Ek olarak bordro parametrelinde tavan ve taban uygulamaları vardır ve bu uygulamalar sabit TL tutarları üzerinden belirlenmiş olduğundan kurdaki oynaklık sürekli olarak hesaplamayı değiştirecektir ve nihayetinde yasal bildirimleri yapmak imkânsız bir hale gelecektir.

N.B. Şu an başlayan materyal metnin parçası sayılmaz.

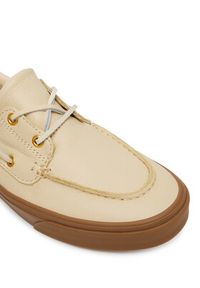 Vans Mokasyny 2-Eyelet VN000Z11TAN1 Beżowy. Kolor: beżowy. Materiał: skóra #5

Kullanılacak döviz kuru konusunda ise tek bir uygulama yoktur. İşçi ve İşveren arasındaki iş sözleşmesinde veya sonrasında yapılan bir ek protokolde açıkça belirtilmiş olmalıdır. Sıklıkla karşılaştığımız uygulamalar ise genelde maaşın ödendiği günden 1 gün öncenin TCMB tarafından açıklanan döviz kuru, İş sözleşmesinde önceden belirtilmiş her ayın ilgili gününde TCMB tarafından açıklanan döviz kuru yahut tüm bunlardan bağımsız olarak kur belirterek sene boyunca bu kur kullanılması şeklindedir.
Döviz ile maaş alan çalışanların kıdem ve ihbar tazminatı hesaplamaları ise aldığı son ücretin brüt TL karşılığı üzerinden yapılır. Ücretin kıdem tazminat tavanını geçmesi durumunda farklı bir uygulamaya gidilmez ve yasal kıdem tazminatı tavan tutarından işlem yapılır.
Yemek, yol vs. gibi muafiyeti bulunan kalemlerin de döviz ile verilmesi durumunda tutarların ilgili günün kuru kullanılarak TL’ye çevrilmesi ve muafiyet ve istisna hesaplamalarının bu kur bilgisi üzerinden gerçekleşmesi gerekmektedir.